Lesedauer: 2 Minuten

Ein Transfer von Paul Pogba zu Real Madrid scheiterte im Sommer kläglich. Braucht es diesen aber überhaupt? Zinédine Zidane sieht bereits einen Pogba in seine,Team.

100, 150, 200 Millionen und noch viel mehr. Die Summen, die für Paul Pogba im vergangenen Transferfenster kolportiert wurden, überstiegen jedes Maß an Realismus. 

Trotzdem: Real Madrid war wohl bereit, viel Geld für den Mittelfeldmann von Manchester United hinzulegen. Trainer Zinédine Zidane soll den Franzosen unbedingt für seine Mannschaft gefordert haben.

Nun braucht der Franzose seinen Landsmann aber wohl nicht mehr – der Grund: Er hat bereits einen Pogba in den eigenen Reihen. Die Rede ist von Youngster Federico Valverde.

Valverde ist „der Schlüssel“

Der 21-Jährige stand in den letzten drei La-Liga-Spielen der Königlichen immer in der Startelf und überzeugte seinen Trainer nachhaltig. 

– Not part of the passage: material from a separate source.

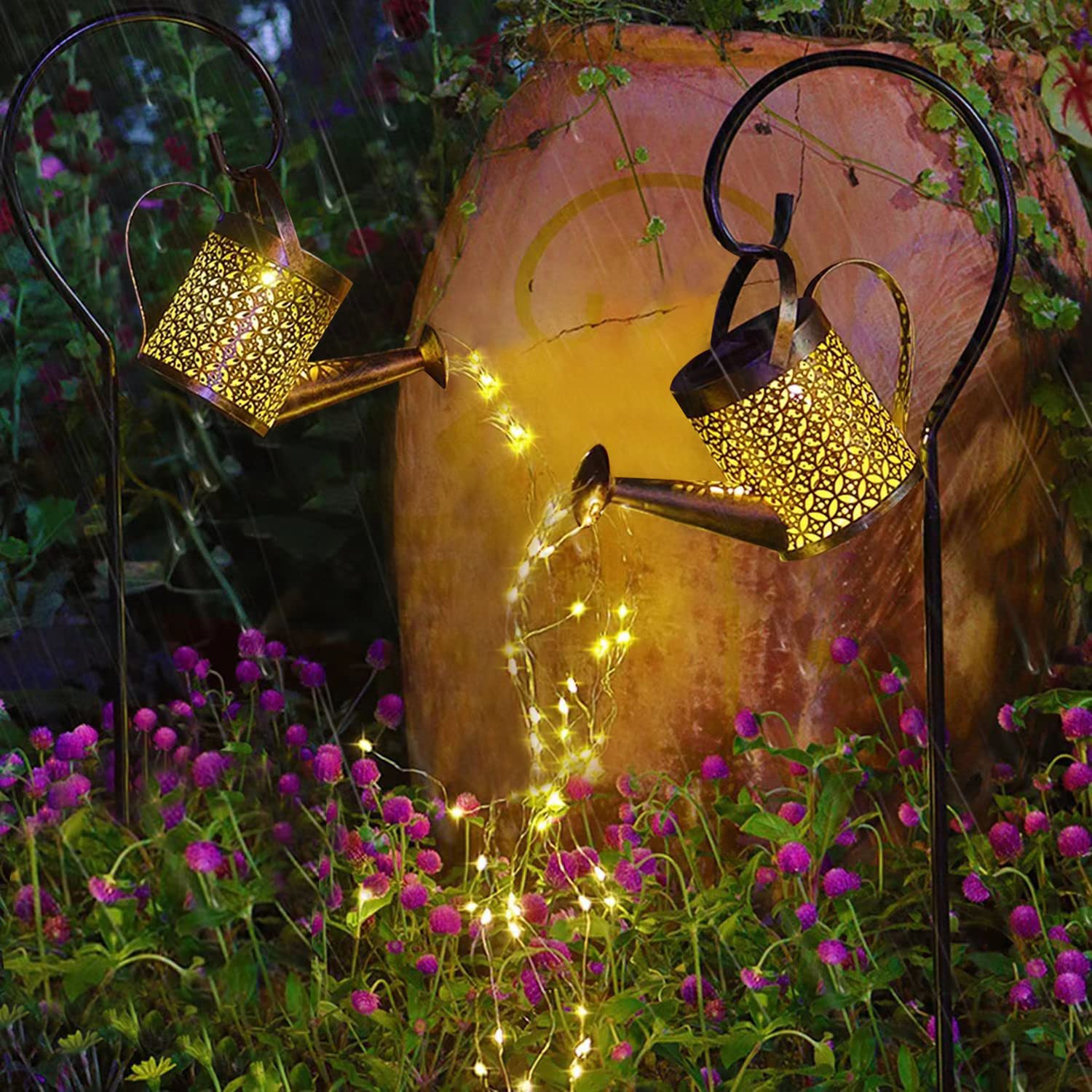 HUYIENO Solar Garden Lights - 2 Pack Hanging Lanterns, Metal Watering Can Design, Warm LEDs, Shepherd Hook for Patio and Yard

Nach dem 4:2-Sieg gegen Granada lobte Zidane seinen Spielmacher in den höchsten Tönen. „Er ist sehr gut und das hat er immer gezeigt. Er entwickelt sich.“

Valverde steuerte dabei die Vorlage zum 2:0 von Eden Hazard bei und zeigte seine Wichtigkeit für das Offensivspiel der Madrilenen. „Er sucht immer den Weg nach vorne, will den Ball und war der Schlüssel für zwei Tore.“

Sollte der junge uruguayische Nationalspieler seine Form behalten, könnte der Name Pogba von der Wunschliste Zidanes verschwinden. Dann braucht es keine 100 Millionen Euro mehr, um die Lücke im Mittelfeld zu füllen.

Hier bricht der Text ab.